» **EXERCISE DESCRIPTION**:
Every line from the one with "Sport Casual Zachte" to the end of the listing below must be printed exactly, with no other text and no pictures.

» **DATA**:

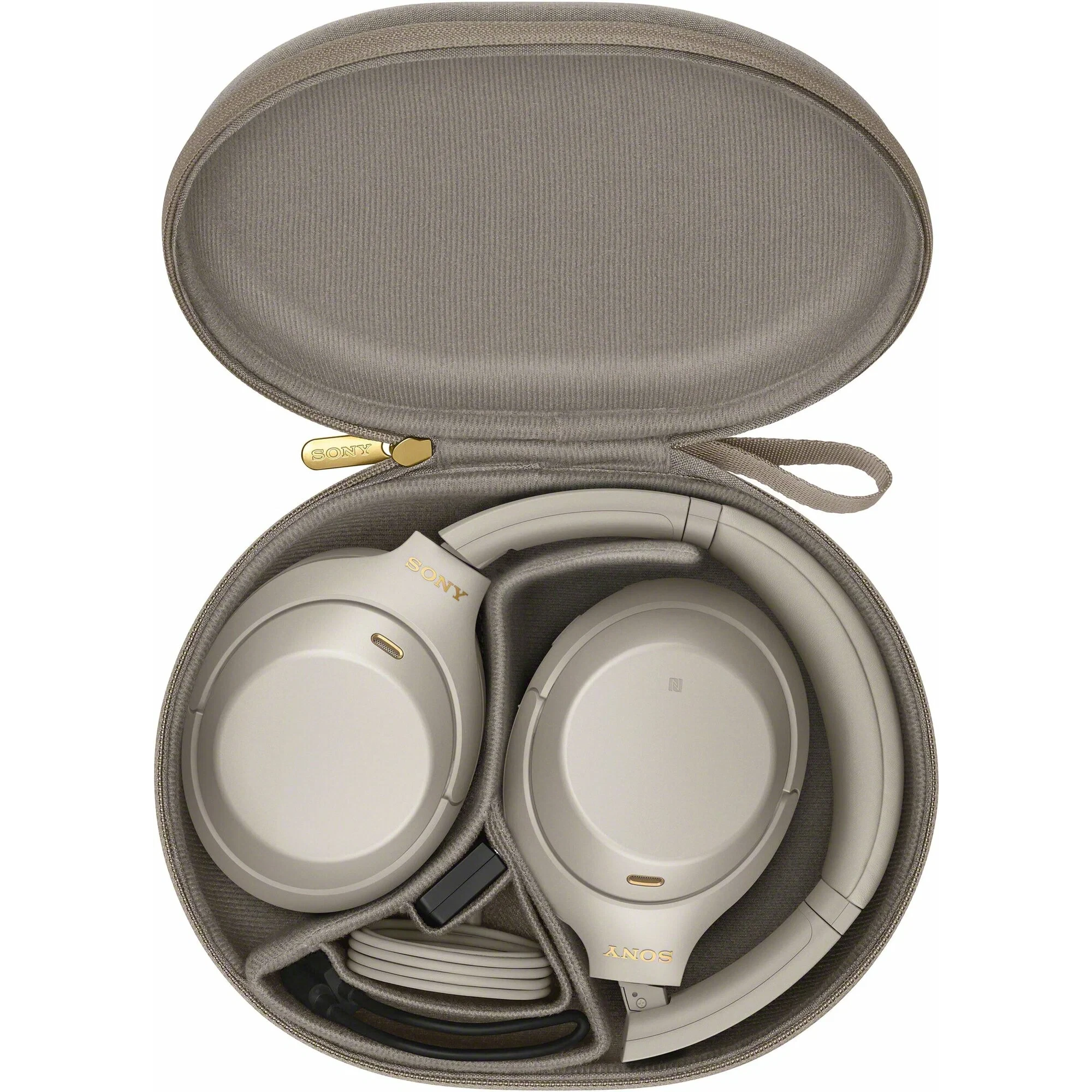 Беспроводные наушники Sony WH-1000XM4 с шумоподавлением, Silver | Серебро изображение 7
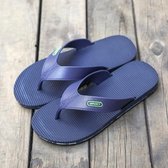 Sport Casual Zachte en comfortabele slippers Strandpantoffels voor heren (kleur: donkerblauw Maat: 40)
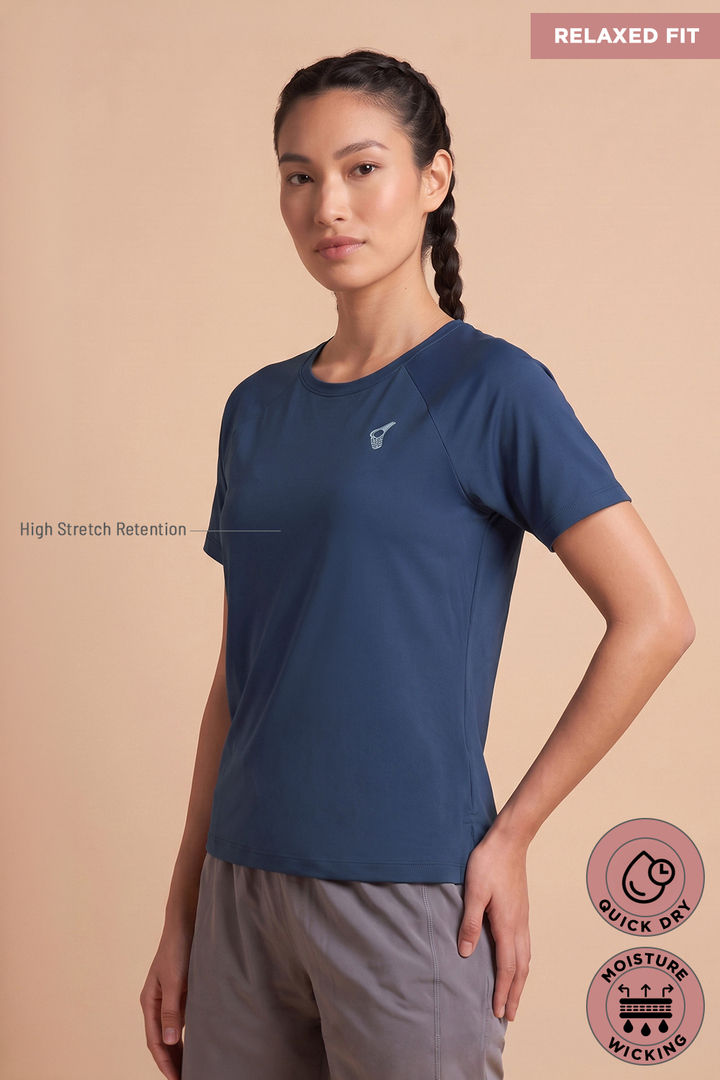 Zelocity Relaxed Quick Dry Top - Navy Peony — image 6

» **YOUR SOLUTION**:
 Sport Casual Zachte en comfortabele slippers Strandpantoffels voor heren (kleur: donkerblauw Maat: 40)
 Zelocity Relaxed Quick Dry Top - Navy Peony — image 6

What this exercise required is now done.